Copy exactly the lines from the beginning of the data down to and including the line holding "Welcome back to", without any pictures.

--

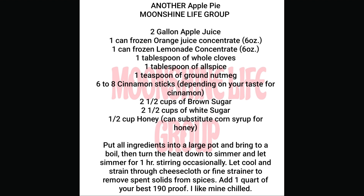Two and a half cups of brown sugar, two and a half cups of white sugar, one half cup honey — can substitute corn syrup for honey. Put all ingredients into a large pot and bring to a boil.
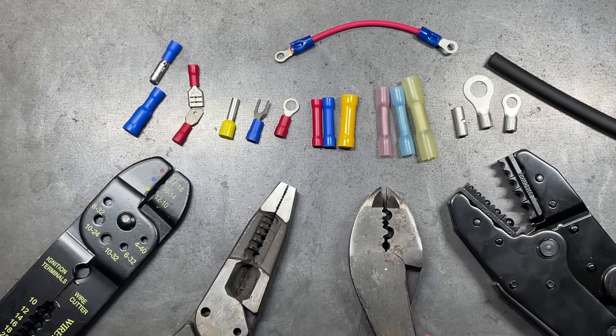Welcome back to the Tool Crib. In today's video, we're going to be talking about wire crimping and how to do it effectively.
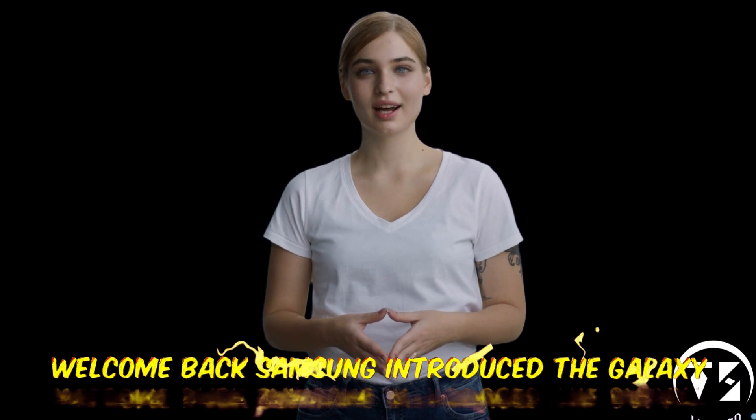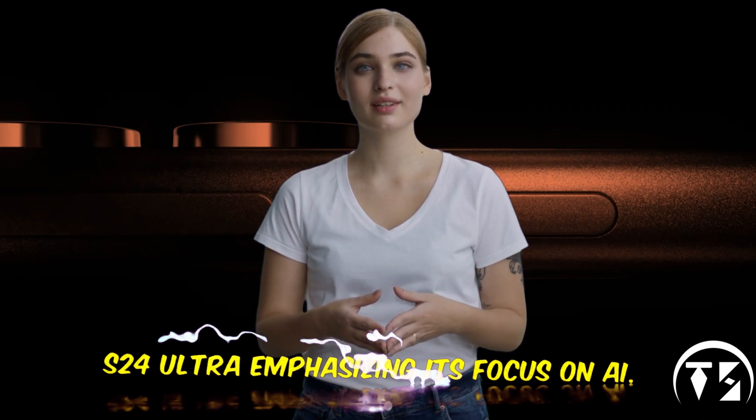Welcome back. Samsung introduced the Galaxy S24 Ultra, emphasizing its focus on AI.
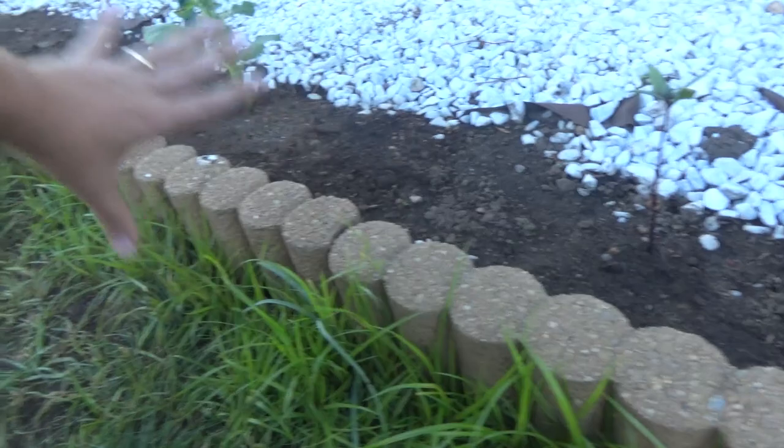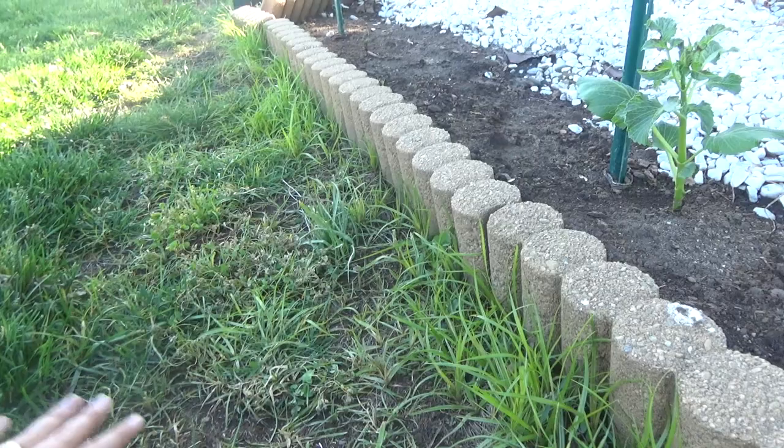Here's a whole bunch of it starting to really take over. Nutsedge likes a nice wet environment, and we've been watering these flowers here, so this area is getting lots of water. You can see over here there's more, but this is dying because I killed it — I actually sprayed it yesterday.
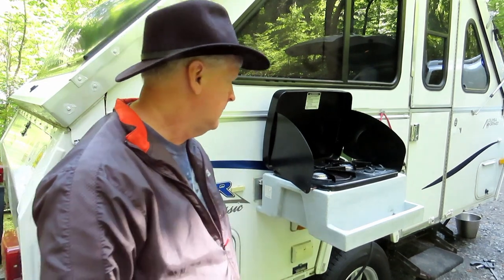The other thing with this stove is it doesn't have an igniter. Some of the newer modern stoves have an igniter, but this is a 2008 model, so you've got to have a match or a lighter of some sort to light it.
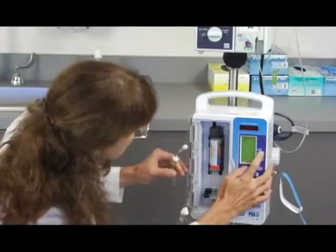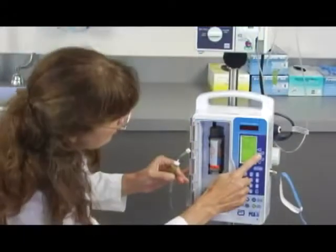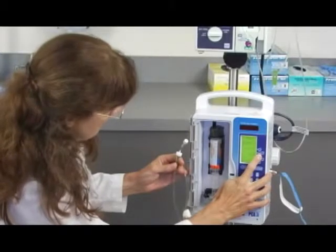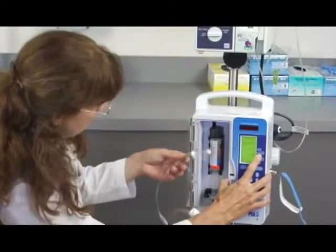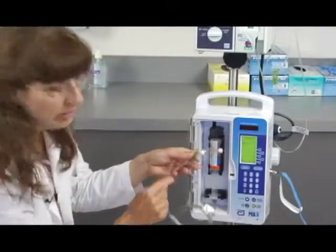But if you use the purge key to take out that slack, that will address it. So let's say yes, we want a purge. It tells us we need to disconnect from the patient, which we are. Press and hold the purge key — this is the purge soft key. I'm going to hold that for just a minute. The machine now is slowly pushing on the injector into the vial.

--

** Your response **
Two and a half cups of brown sugar, two and a half cups of white sugar, one half cup honey — can substitute corn syrup for honey. Put all ingredients into a large pot and bring to a boil.
Welcome back to the Tool Crib. In today's video, we're going to be talking about wire crimping and how to do it effectively.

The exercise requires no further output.